Notably, Guillermo del Toro’s Frankenstein came out around the same time as Wake Up Dead Man. They have some similarities: Netflix-funded, directors haunted by childhood Christianity, suffused with Catholic imagery. But the results are quite different. Johnson’s characters are made from little bits of one man’s experience, while the Creature is made from little bits of many men sutured together. An actual dead man awakened, he yet seems more whole than anyone in Johnson’s ensemble.
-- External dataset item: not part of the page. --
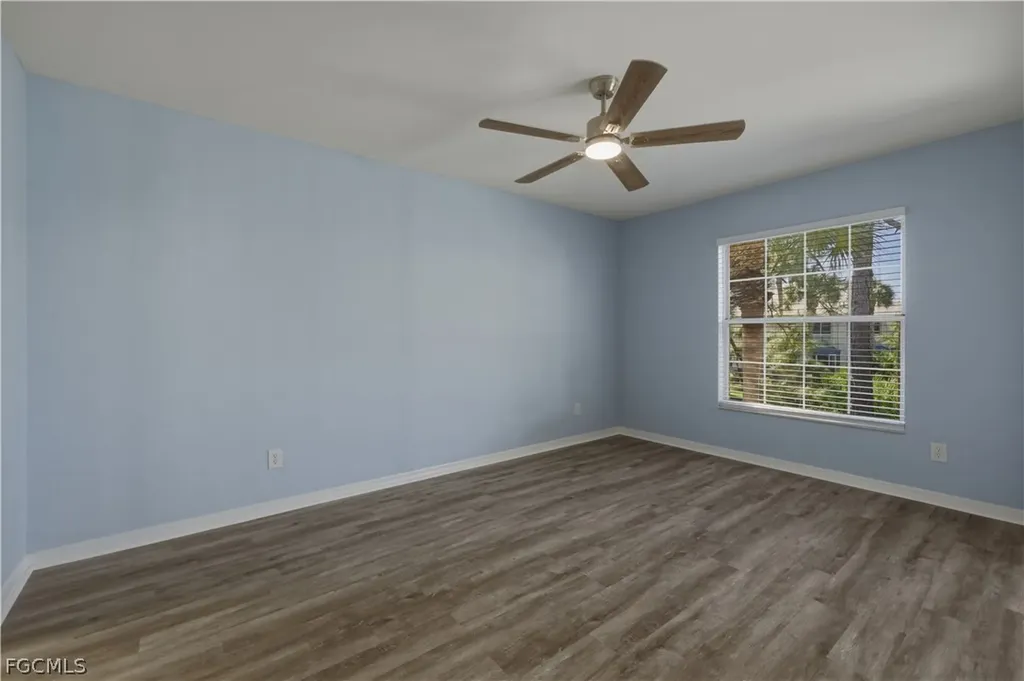 876 Gulf Pavilion Drive Naples FL 34108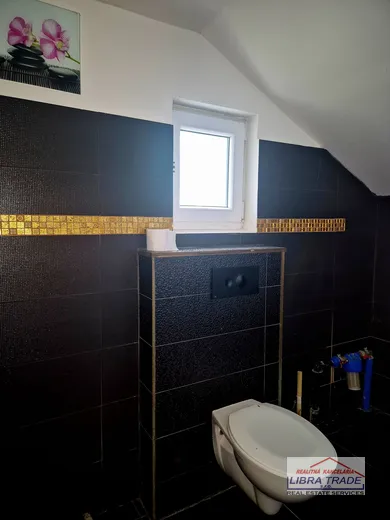 Na predaj 4-izbový dom, 100 m², Šurany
Perhaps it comes as no surprise that Elizabeth, the one character who loves the Creature in his suffering, is always wearing a blood-red cross around her neck.
In the end, Fr. Jud is subject not just to Johnson’s fragmented vision, but to the same mortal error as his predecessors at Our Lady of Something: he lies. When he ends up with the fortune, contained in a jewel, and Wicks’ beneficiary comes armed with lawyers, Jud and Blanc deny knowing anything. The bishop joins them. Like Prentice and like Martha, they hope that a little well-intentioned deceit will keep others from temptation. When Fr. Jud hides the jewel in the sternum of the new crucifix he hews for the church, the movie’s tensions linger: is the Cross a true treasure, or an empty chest concealing just another fiction? It would take more than a detective to find out.
[1] Tyler Huckabee, “Knives Out’s Rian Johnson Says He Will Always Be a Youth Group Kid,” Sojourners, December 9, 2025.
[2] Ibid.
[3] H. Richard Niebuhr, The Kingdom of God in America (Middletown, CT: Wesleyan University Press, 1988).
[4] W.H. Auden, “The Guilty Vicarage: Notes on the detective story, by an addict,” Harper’s, May 1948.
[5] Brookie McIlvaine, “Unpacking the Religious References in Wake Up Dead Man: A Knives Out Mystery,” Dec. 17, 2025.
[6] Edith Stein, On the Problem of Empathy, trans. Waltraut Stein (Washington, D.C., ICS Publications, 1989), 11.